> [What you are asked to do] Transcribe only the lines in the data below falling between the line with "1983 Fleer Willie" and the line with "Offers offers offers all welcome", including those two lines, and leave out any picture.

Segment Start: The input

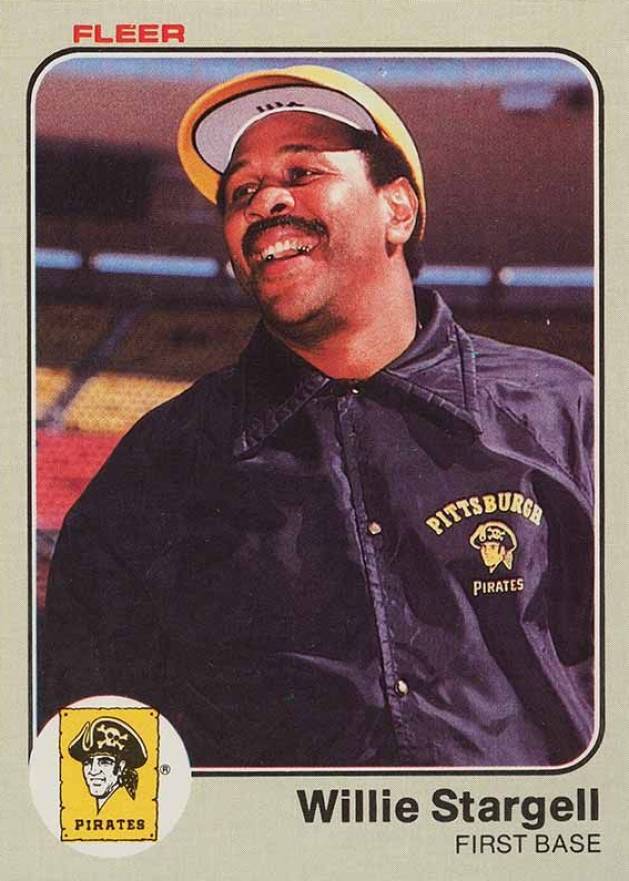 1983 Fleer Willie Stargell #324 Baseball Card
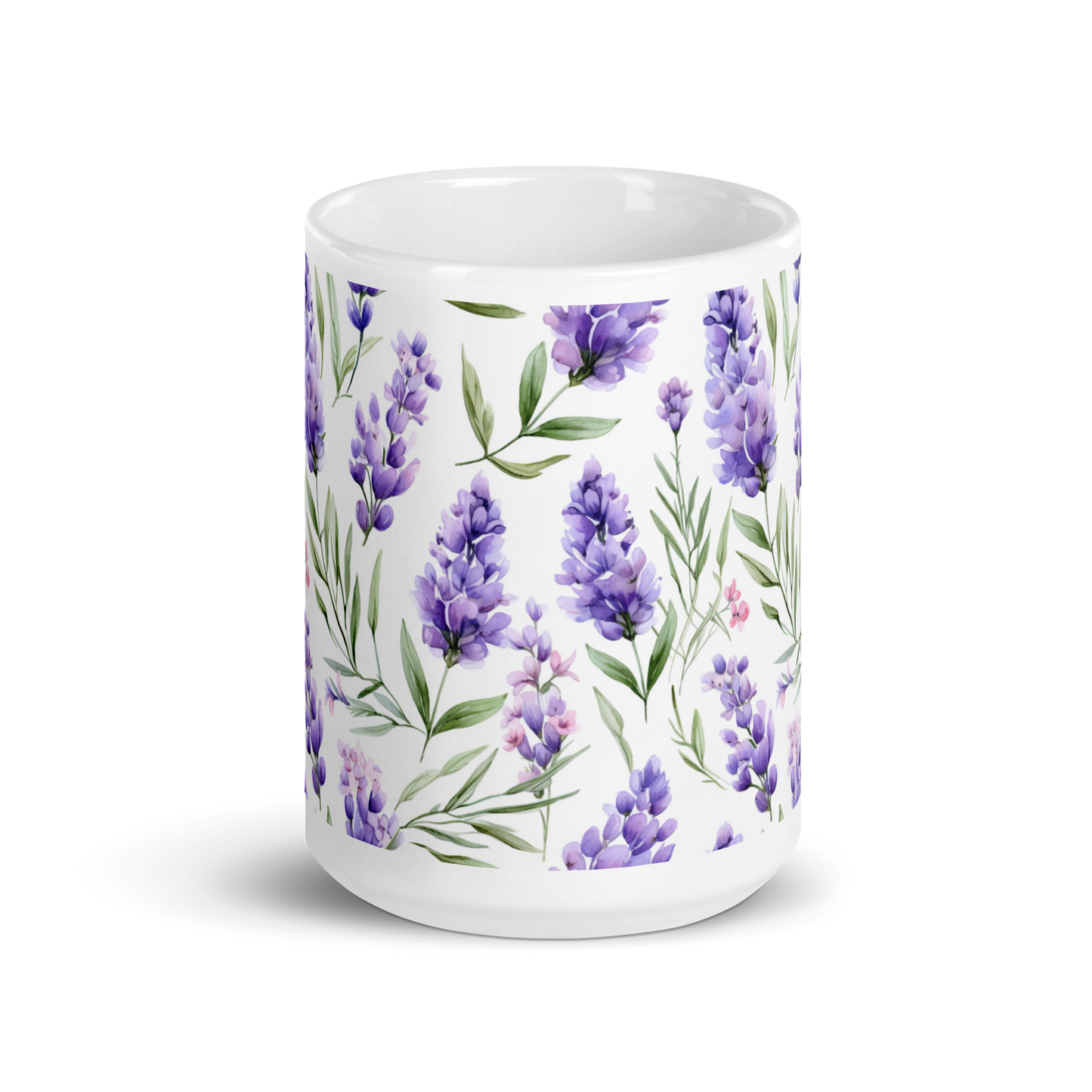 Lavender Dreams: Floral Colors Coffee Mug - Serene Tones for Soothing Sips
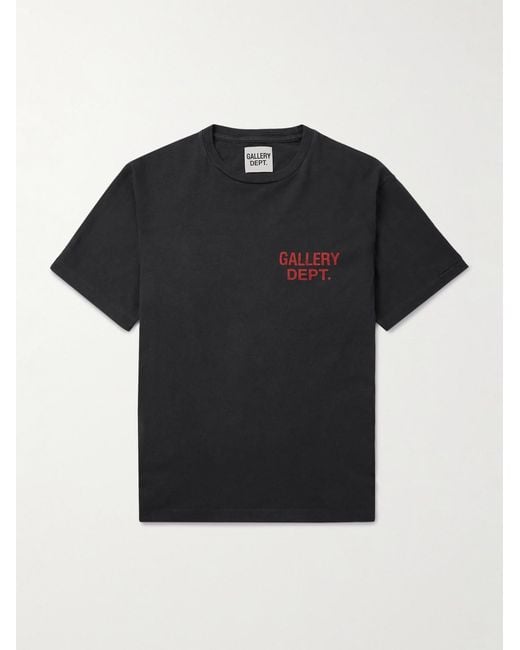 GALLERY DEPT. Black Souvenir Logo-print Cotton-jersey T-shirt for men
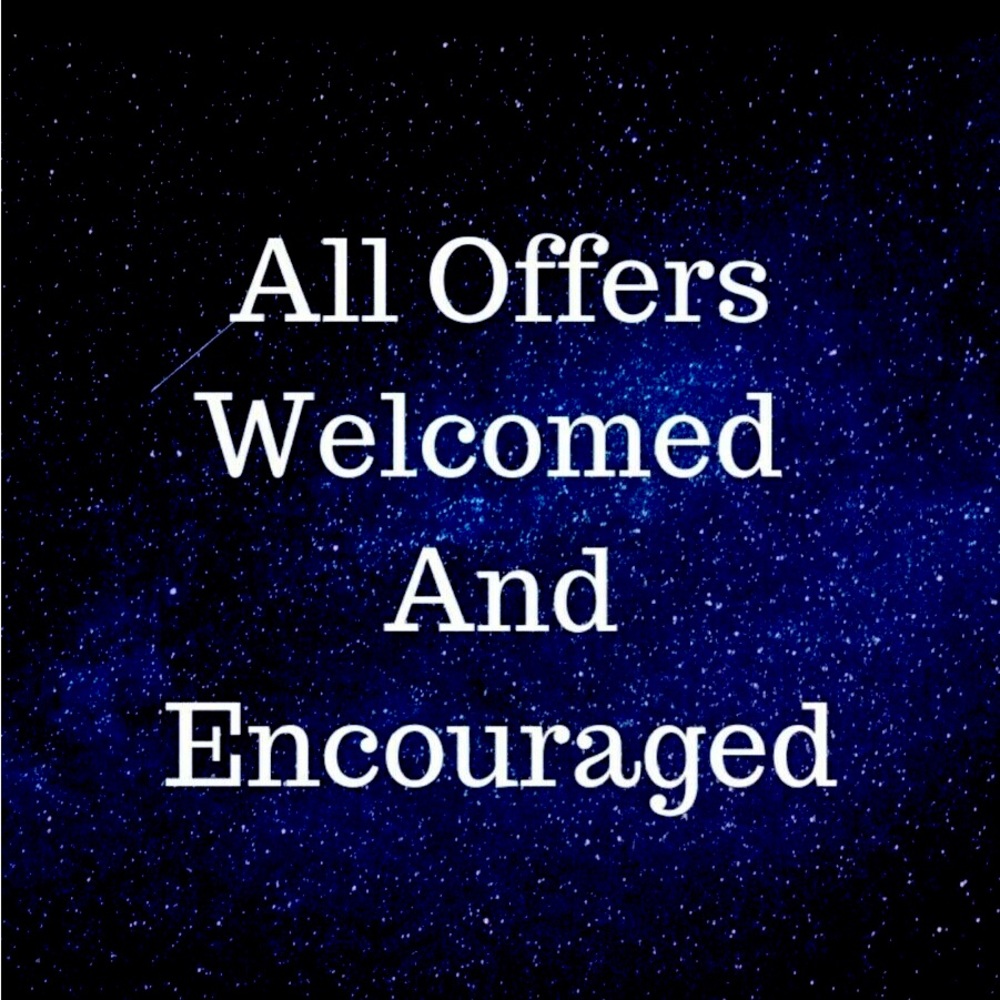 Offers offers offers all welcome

Segment End: The input
Segment Start: The input

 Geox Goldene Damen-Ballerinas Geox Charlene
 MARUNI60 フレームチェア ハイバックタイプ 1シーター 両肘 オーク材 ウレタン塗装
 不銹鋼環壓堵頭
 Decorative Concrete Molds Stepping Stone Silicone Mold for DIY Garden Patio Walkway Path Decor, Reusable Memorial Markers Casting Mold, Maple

Segment End: The input

> [Solution to this task]
 1983 Fleer Willie Stargell #324 Baseball Card
 Lavender Dreams: Floral Colors Coffee Mug - Serene Tones for Soothing Sips
 GALLERY DEPT. Black Souvenir Logo-print Cotton-jersey T-shirt for men
 Offers offers offers all welcome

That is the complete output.